PCNA immunolabelling (Figure 5A through 5D) was mainly expressed in cells within the connective tissue and on the surface of bone. The intragroup comparison showed higher number of PCNA-positive cells at 7 days when compared with 15 and 30 days (p≤0.05) in NEP-5FU, EP-5FU and NEP-CIS, and higher number of PCNA-positive cells at 7 days when compared to 30 days (p≤0.05) in EP-CIS. At 15 days, EP-PSS, EP-CIS and NEP-5FU presented higher number of PCNA-positive cells when compared with 30 days (p≤0.05). The intergroup comparison showed higher number of PCNA-positive cells in NEP-PSS when compared with NEP-5FU and NEP-CIS in all experimental periods, and lower number of PCNA-positive cells when compared with EP-PSS at 30 days (p≤0.05). EP-PSS presented higher number of PCNA-positive cells when compared with NEP-5FU, NEP-CIS, EP-5FU and EP-CIS in all experimental periods (p≤0.05). EP-CIS, when compared with NEP-5FU, presented the highest number of PCNA-positive cells at 15 days and the lowest at 30 days (p≤0.05).
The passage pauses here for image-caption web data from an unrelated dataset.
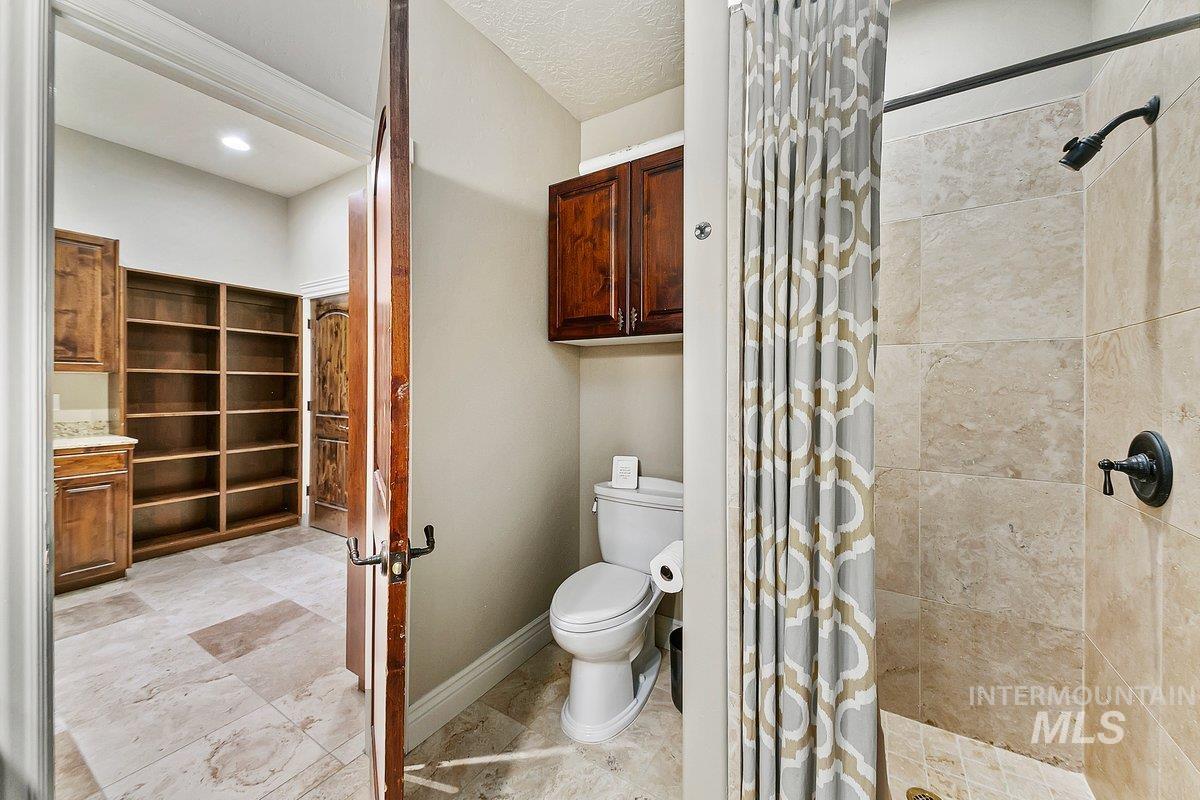 10430 Randall Lane, Caldwell, Idaho 83607, 4 Bedrooms, 4.5 Bathrooms, Residential For Sale, Price $2,400,000, 98923573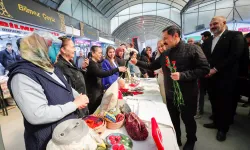 Vali Masatlı’dan Uzun Çarşı’da Kadınlar Günü Ziyareti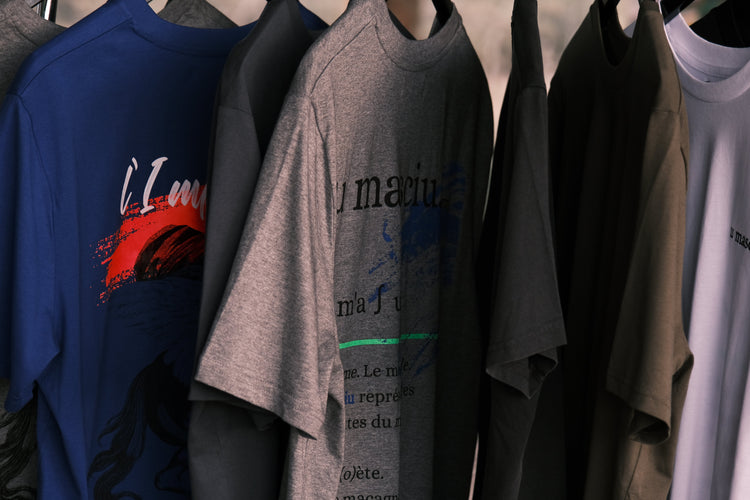t-shirts manches u masciu courtes suspendus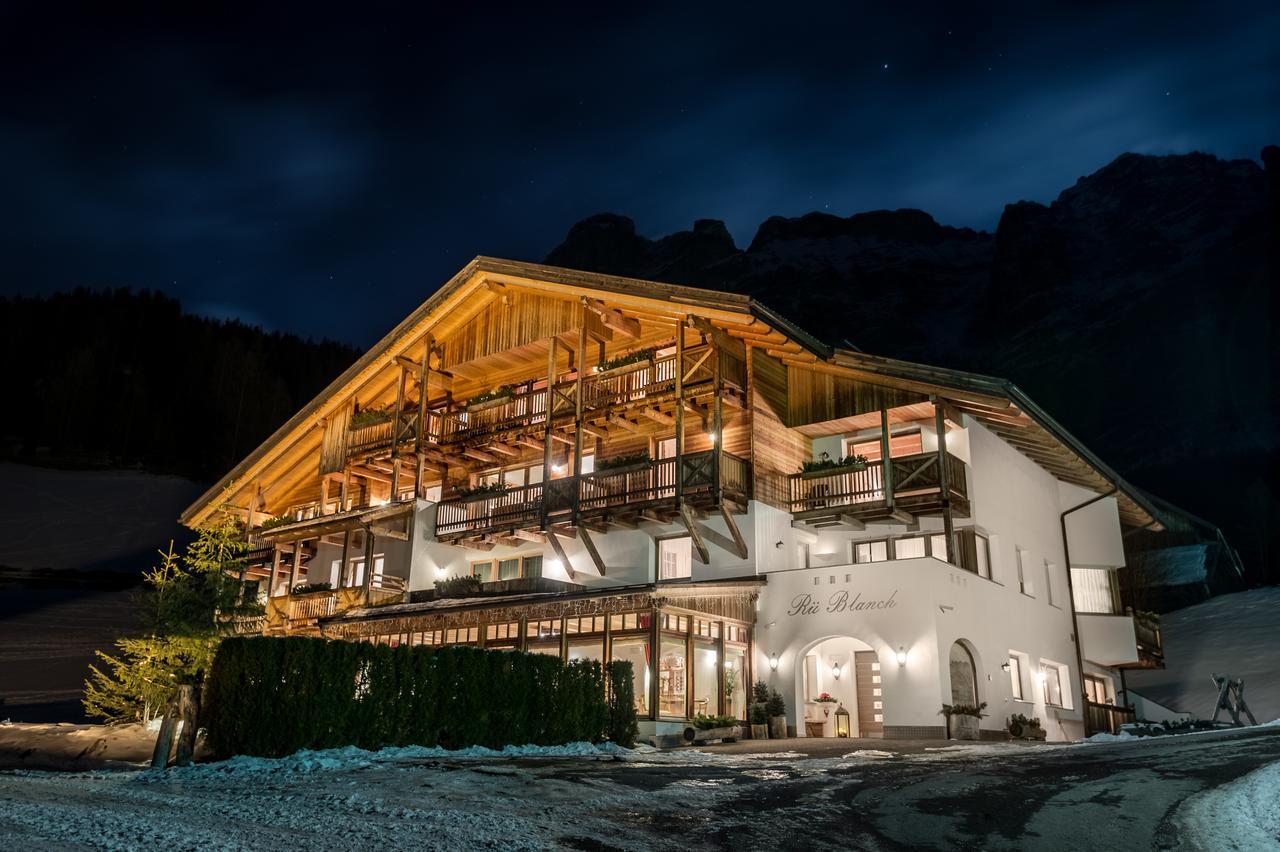 B&B - Hotel Ciasa Rue Blanch San Cassiano (Badia) Exterior foto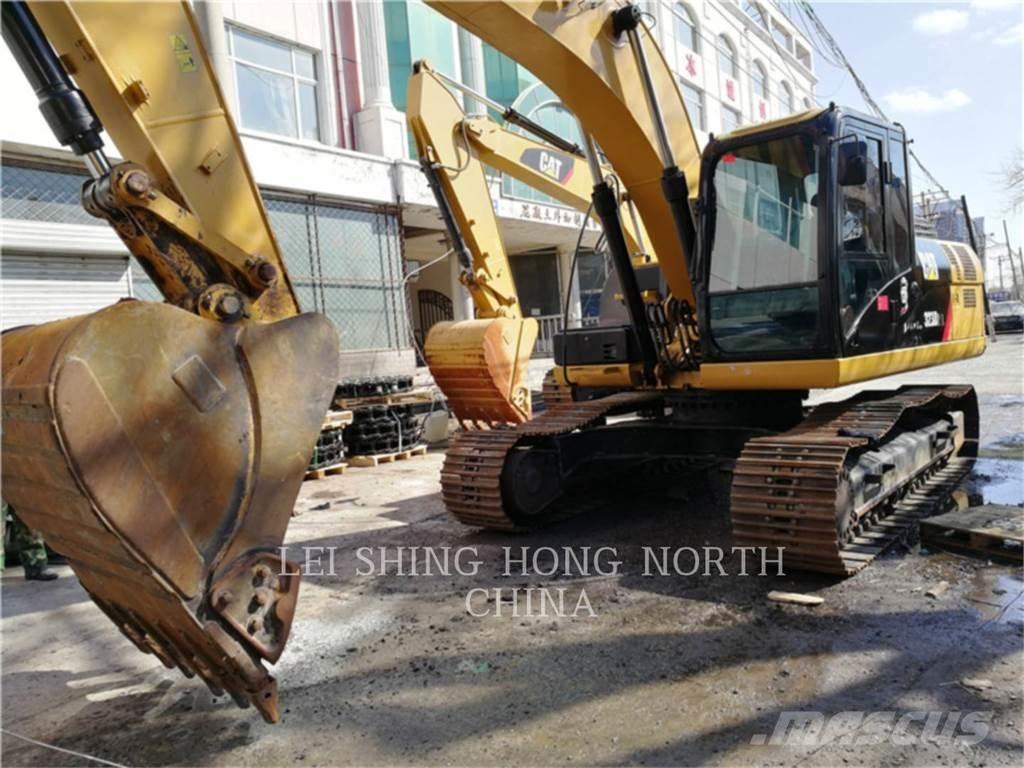 CAT 323D2L Pásová rýpadla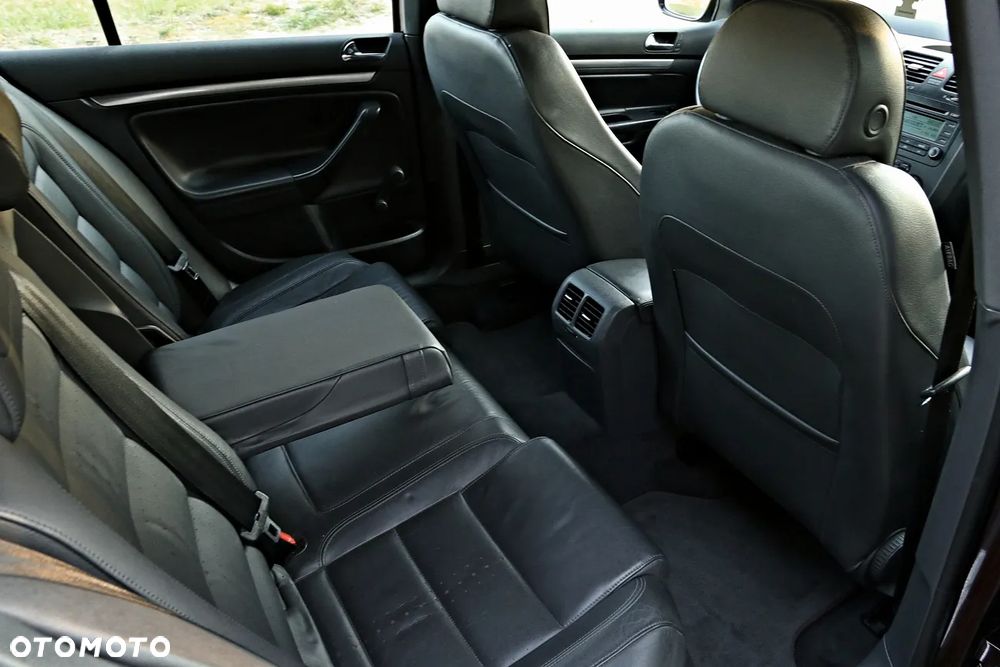 Volkswagen Golf 2.0 FSI 4Motion GT Sport - 33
For BAX (Figure 5H through 5J), groups NEP-PSS, NEP-5FU, NEP-CIS and EP-PSS presented low immunolabelling pattern in all experimental periods. In EP-5FU and EP-CIS, BAX immunolabelling ranged from low to moderate at 7, 15 and 30 days. For HIF-1α (Fig. 5E through 5G), only the EP-PSS presented moderate immunolabelling pattern in all periods. All other groups presented low immunolabelling pattern independent on experimental period.